━━━ Information provided ━━━

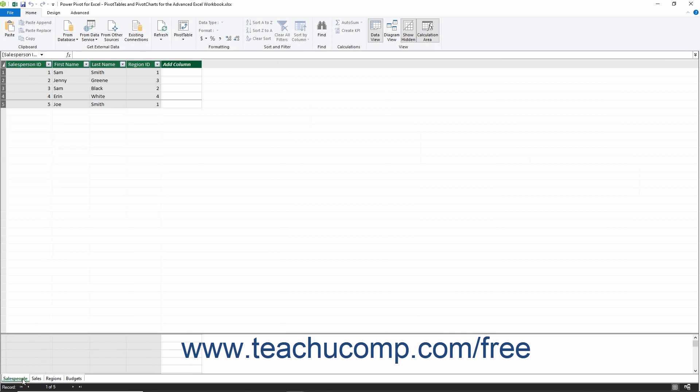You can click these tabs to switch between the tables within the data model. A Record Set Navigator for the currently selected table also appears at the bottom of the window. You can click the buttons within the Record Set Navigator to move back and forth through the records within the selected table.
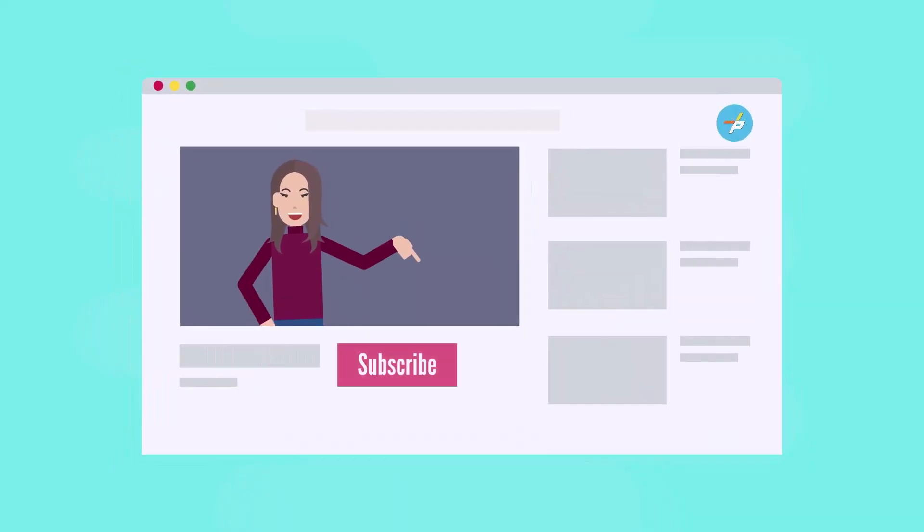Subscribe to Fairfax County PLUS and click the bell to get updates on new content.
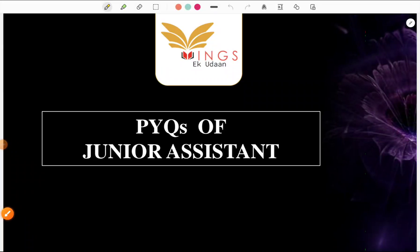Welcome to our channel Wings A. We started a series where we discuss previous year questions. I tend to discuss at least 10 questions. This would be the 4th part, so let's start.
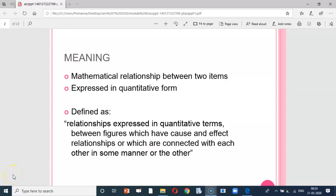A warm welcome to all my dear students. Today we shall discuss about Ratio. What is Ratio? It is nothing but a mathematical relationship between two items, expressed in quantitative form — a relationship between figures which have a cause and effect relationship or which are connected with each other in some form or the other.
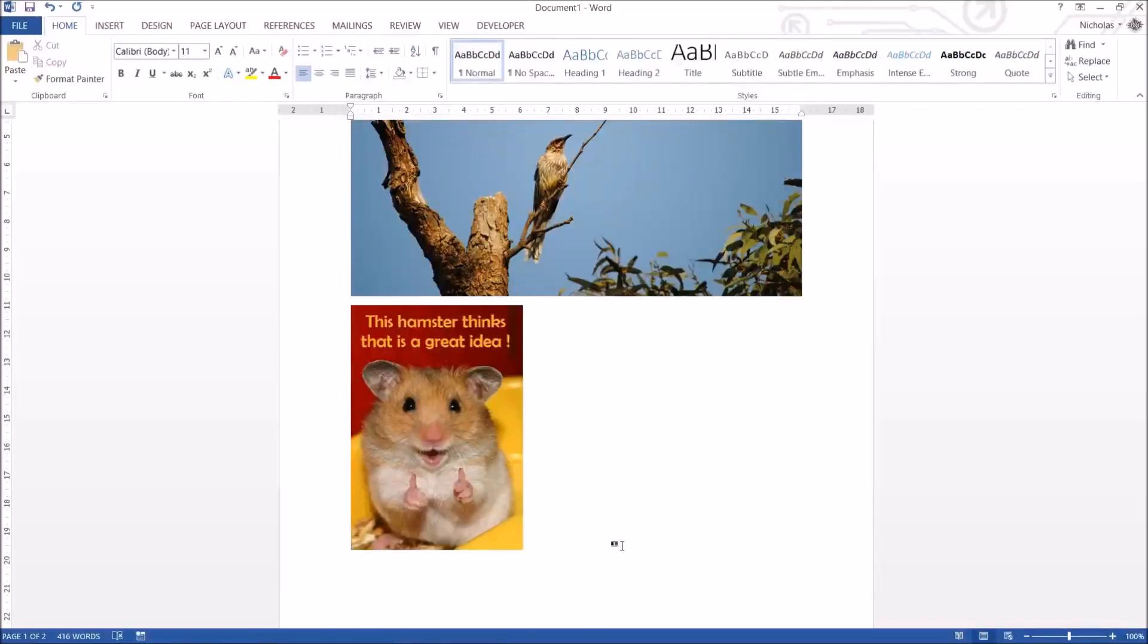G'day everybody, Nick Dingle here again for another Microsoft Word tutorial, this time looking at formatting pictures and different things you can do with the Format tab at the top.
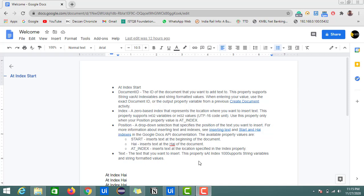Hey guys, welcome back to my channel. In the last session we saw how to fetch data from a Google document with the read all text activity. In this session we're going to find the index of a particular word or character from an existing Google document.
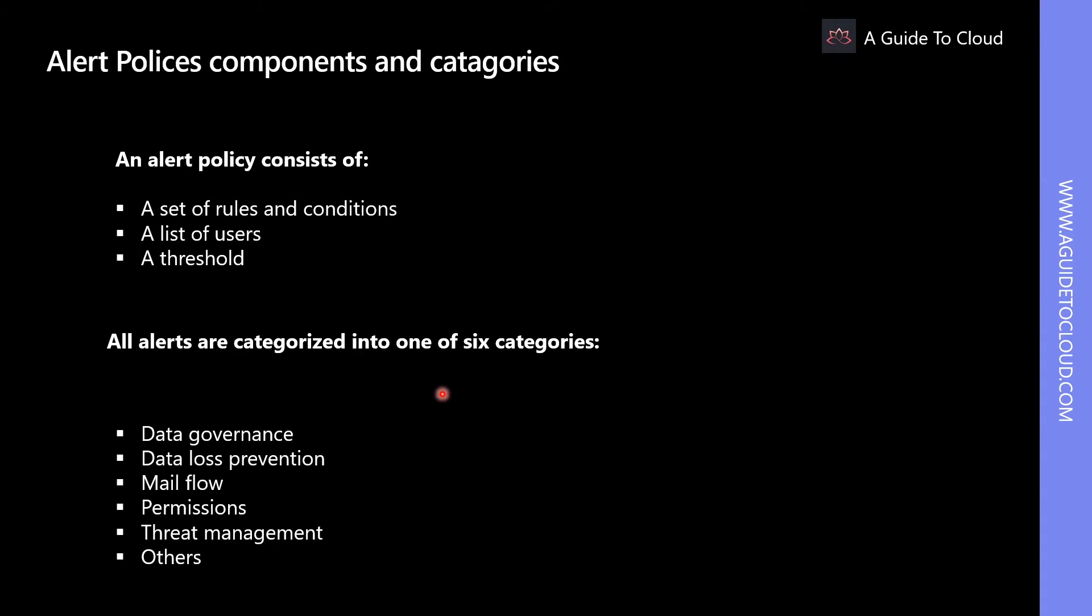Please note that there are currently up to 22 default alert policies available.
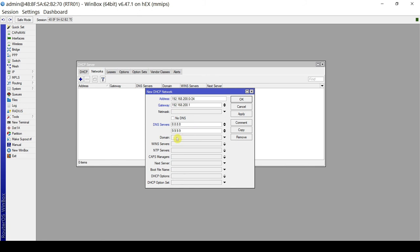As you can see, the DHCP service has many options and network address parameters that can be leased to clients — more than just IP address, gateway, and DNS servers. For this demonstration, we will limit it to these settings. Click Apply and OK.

━━━

§ **Assignment**
When you retype the records, keep every word exactly as written and exclude the pictures.

§ **Output for this task**
You can click these tabs to switch between the tables within the data model. A Record Set Navigator for the currently selected table also appears at the bottom of the window. You can click the buttons within the Record Set Navigator to move back and forth through the records within the selected table.
Subscribe to Fairfax County PLUS and click the bell to get updates on new content.
Welcome to our channel Wings A. We started a series where we discuss previous year questions. I tend to discuss at least 10 questions. This would be the 4th part, so let's start.
A warm welcome to all my dear students. Today we shall discuss about Ratio. What is Ratio? It is nothing but a mathematical relationship between two items, expressed in quantitative form — a relationship between figures which have a cause and effect relationship or which are connected with each other in some form or the other.
G'day everybody, Nick Dingle here again for another Microsoft Word tutorial, this time looking at formatting pictures and different things you can do with the Format tab at the top.
Hey guys, welcome back to my channel. In the last session we saw how to fetch data from a Google document with the read all text activity. In this session we're going to find the index of a particular word or character from an existing Google document.
Please note that there are currently up to 22 default alert policies available.
As you can see, the DHCP service has many options and network address parameters that can be leased to clients — more than just IP address, gateway, and DNS servers. For this demonstration, we will limit it to these settings. Click Apply and OK.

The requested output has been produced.